◆ **AIM OF THE EXERCISE**
Quote the records below word for word, please, from the very first line through the one that contains "creative minimalist linear", and nothing beyond it.

____ STORED DATA

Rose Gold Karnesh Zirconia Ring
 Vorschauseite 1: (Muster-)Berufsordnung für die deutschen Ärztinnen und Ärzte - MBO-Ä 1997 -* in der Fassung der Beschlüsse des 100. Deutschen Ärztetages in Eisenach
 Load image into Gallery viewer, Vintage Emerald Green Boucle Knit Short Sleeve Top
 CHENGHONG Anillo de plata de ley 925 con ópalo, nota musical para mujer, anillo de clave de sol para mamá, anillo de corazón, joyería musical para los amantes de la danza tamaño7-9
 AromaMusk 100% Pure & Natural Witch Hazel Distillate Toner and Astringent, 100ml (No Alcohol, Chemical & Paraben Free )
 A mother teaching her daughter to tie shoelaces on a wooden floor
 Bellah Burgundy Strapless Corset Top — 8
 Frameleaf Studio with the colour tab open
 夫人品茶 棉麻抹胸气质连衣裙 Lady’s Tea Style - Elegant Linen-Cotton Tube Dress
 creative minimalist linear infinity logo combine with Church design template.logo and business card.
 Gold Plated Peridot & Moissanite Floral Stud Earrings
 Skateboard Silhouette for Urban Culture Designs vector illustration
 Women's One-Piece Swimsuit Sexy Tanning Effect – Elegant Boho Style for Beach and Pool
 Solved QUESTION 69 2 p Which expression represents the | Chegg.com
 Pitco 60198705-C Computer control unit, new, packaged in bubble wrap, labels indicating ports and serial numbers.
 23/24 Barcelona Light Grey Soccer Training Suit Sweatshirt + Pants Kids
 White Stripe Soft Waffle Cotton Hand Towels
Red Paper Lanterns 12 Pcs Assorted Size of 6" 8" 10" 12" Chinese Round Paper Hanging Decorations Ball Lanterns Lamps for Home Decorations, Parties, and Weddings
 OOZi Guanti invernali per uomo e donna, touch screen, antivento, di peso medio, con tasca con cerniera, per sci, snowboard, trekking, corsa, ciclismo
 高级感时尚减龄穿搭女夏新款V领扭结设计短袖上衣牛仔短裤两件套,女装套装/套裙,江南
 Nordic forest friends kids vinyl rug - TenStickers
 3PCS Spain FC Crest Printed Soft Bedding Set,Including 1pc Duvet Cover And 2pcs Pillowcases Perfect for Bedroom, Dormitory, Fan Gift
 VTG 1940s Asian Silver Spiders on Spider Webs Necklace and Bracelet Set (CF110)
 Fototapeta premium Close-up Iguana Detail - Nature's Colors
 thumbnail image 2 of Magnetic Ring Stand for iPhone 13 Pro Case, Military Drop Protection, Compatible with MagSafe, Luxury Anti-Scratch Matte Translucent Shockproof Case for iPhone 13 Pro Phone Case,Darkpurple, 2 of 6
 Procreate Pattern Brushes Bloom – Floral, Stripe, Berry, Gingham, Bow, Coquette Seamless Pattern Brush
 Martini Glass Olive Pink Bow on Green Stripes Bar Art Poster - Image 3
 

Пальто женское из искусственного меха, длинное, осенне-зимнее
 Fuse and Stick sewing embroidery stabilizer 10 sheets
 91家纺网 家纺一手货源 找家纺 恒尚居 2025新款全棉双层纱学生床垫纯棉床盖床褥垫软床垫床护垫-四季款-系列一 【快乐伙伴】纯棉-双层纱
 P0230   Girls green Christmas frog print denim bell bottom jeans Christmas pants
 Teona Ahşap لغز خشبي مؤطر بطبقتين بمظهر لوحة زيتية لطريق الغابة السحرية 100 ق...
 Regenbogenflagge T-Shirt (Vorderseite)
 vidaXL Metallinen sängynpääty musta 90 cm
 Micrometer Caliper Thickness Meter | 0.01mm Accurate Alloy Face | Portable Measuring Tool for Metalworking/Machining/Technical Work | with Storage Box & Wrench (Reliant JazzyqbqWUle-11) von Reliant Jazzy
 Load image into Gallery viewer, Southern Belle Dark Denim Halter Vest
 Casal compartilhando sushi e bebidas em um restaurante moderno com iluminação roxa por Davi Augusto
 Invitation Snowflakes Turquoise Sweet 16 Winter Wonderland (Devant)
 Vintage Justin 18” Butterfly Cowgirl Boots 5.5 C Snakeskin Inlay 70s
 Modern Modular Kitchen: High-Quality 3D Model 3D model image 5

________

◆ **SOLUTION**
Rose Gold Karnesh Zirconia Ring
 Vorschauseite 1: (Muster-)Berufsordnung für die deutschen Ärztinnen und Ärzte - MBO-Ä 1997 -* in der Fassung der Beschlüsse des 100. Deutschen Ärztetages in Eisenach
 Load image into Gallery viewer, Vintage Emerald Green Boucle Knit Short Sleeve Top
 CHENGHONG Anillo de plata de ley 925 con ópalo, nota musical para mujer, anillo de clave de sol para mamá, anillo de corazón, joyería musical para los amantes de la danza tamaño7-9
 AromaMusk 100% Pure & Natural Witch Hazel Distillate Toner and Astringent, 100ml (No Alcohol, Chemical & Paraben Free )
 A mother teaching her daughter to tie shoelaces on a wooden floor
 Bellah Burgundy Strapless Corset Top — 8
 Frameleaf Studio with the colour tab open
 夫人品茶 棉麻抹胸气质连衣裙 Lady’s Tea Style - Elegant Linen-Cotton Tube Dress
 creative minimalist linear infinity logo combine with Church design template.logo and business card.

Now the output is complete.